Check multiple columns for the same WHERE IN set of values
Recently, I faced a very simple task which in the end does not seem so obvious to me. I was told to rewrite an existing report, in which SQL query amongst others, was filtering by values of a column which had to be in a given set of values. And I needed to add another column for the same check.
Ok, let's go step by step to make it easier. Imagine a situation when you need to retrieve all rows from table1
where values of column1
are in a given set of values. I bet you have already written a query in your head and it looks something like this:
select * from table1
where column1 in (1, 2, 3);
But what if your task was a bit harder - and you need to fetch all rows where the value of any column1
or column2
is in the given set.
The obvious answer is to use OR
:
select * from table1
where column1 in (1, 2, 3)
or column2 in (1, 2, 3);
Looks ugly, doesn't it? And is this query efficient? Especially, when this action is only one of many you need to do with your data (so your query is a bit more complex)? I doubt it.

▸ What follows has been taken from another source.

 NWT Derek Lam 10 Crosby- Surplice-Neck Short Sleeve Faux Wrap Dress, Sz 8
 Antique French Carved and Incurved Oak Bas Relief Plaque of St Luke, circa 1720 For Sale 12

If you think this example is something unnatural and simulated, let's consider this - imagine, you have a trading platform and for each order you track identifiers of a buyer and a seller. But these two are of the same type. I mean, both the buyer and the seller are organizations, for example. And you need to show your users all their orders - the orders where the buyer OR the seller is their organization.
So, you have the table order
with the columns buyer_id
and seller_id
and the query to get a user's orders would be:
select * from order
where
buyer_id in (select organization_id from employee where employee_id = :employee_id)

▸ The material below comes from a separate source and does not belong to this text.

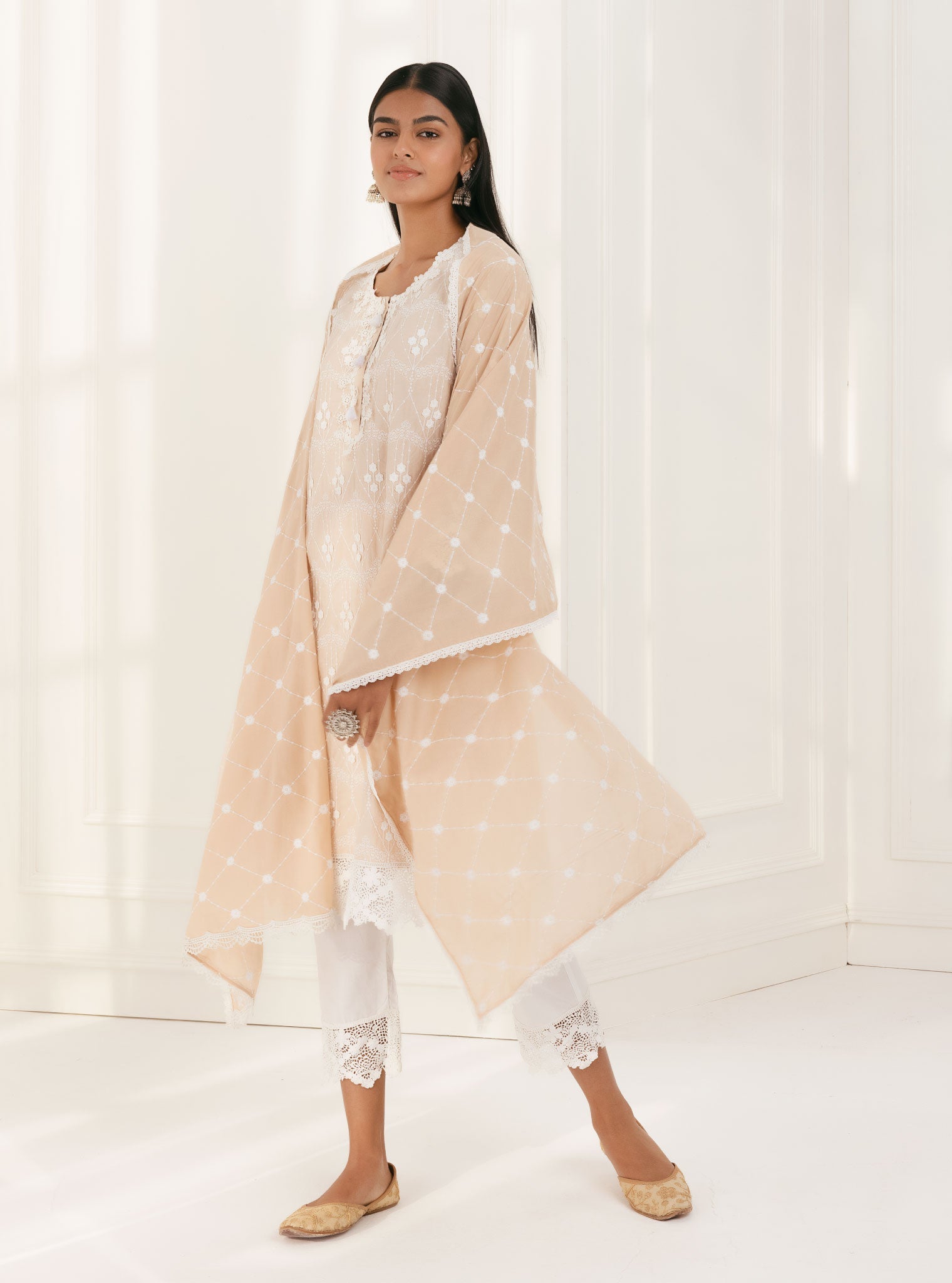 Mulmul Supima Cotton Tirchy Beige Kurta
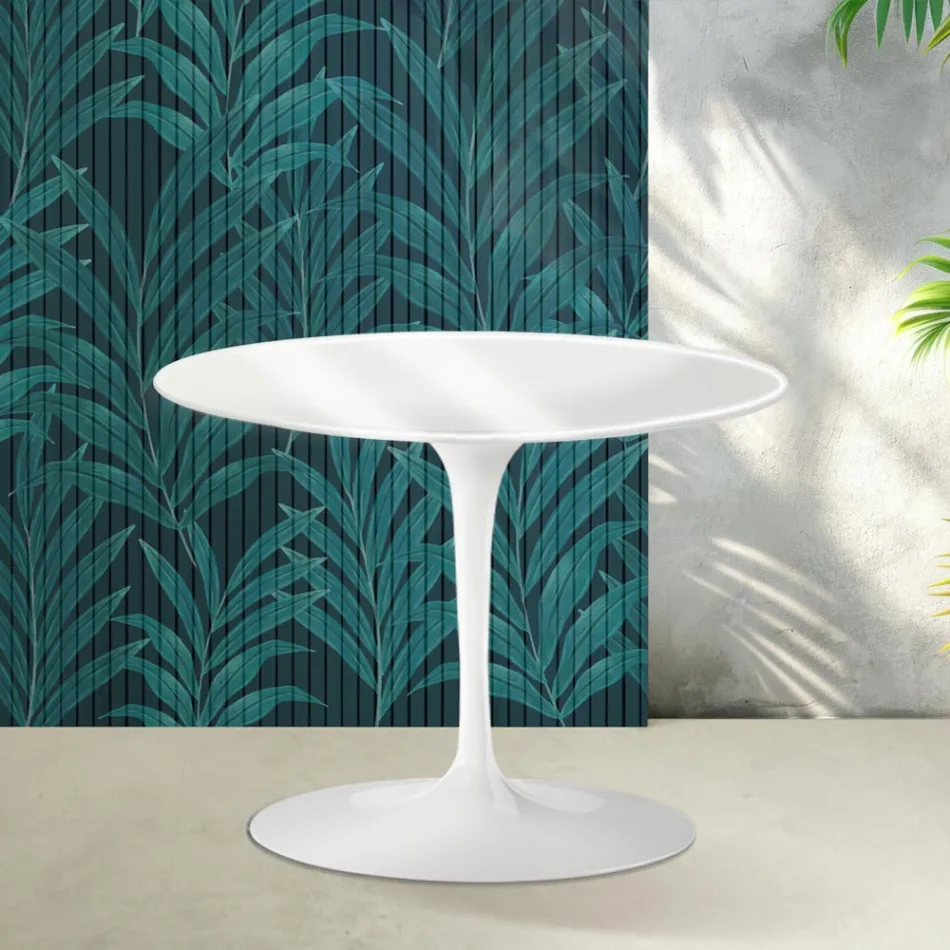Masă de cafea rotundă Saarinen Tulip, H 41 cm, ceramică Florim albă lucioasă - stacojiu Viadurini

or seller_id in (select organization_id from employee where employee_id = :employee_id);
And it looks even worse. If you think the same way, let's sort out how to improve it together. To do so, we need to remember about SET operators available in Oracle. Indeed, they are a great feature, but a bit underused to my mind. To rewrite our query, I will be using the intersect
operator and the query transforms to:
select * from order o
where
exists
(
(
select o.buyer_id from dual
union all
select o.seller_id from dual
) intersect (
select organization_id from employee where employee_id = :employee_id
)
);
Better? For sure! Why? Look:
- This query is more efficient in terms of performance (using
OR
in a complex query in an anti-pattern since it's hard for the optimizer to cope with such a query). - I do not repeat the filtering subquery anymore.
- Need another column to be checked (i.e.
reseller_id
)? Not a problem - just add it into the first checking subquery. - It is much easier to integrate such a subquery into a complex query (imagine you have many filters, joins and so on).
- This approach is suitable for a dynamically constructed report (using dynamic SQL) - this was my case, actually.
Note: Mind nullable columns - you may need to add
and <column_name> is not null
in yourwhere
clauses in the subqueries if you don't want to intersect onnull
.
I also tried to suggest the same in a question on StackOverflow.
Hope it'll help somebody else when they face the same task.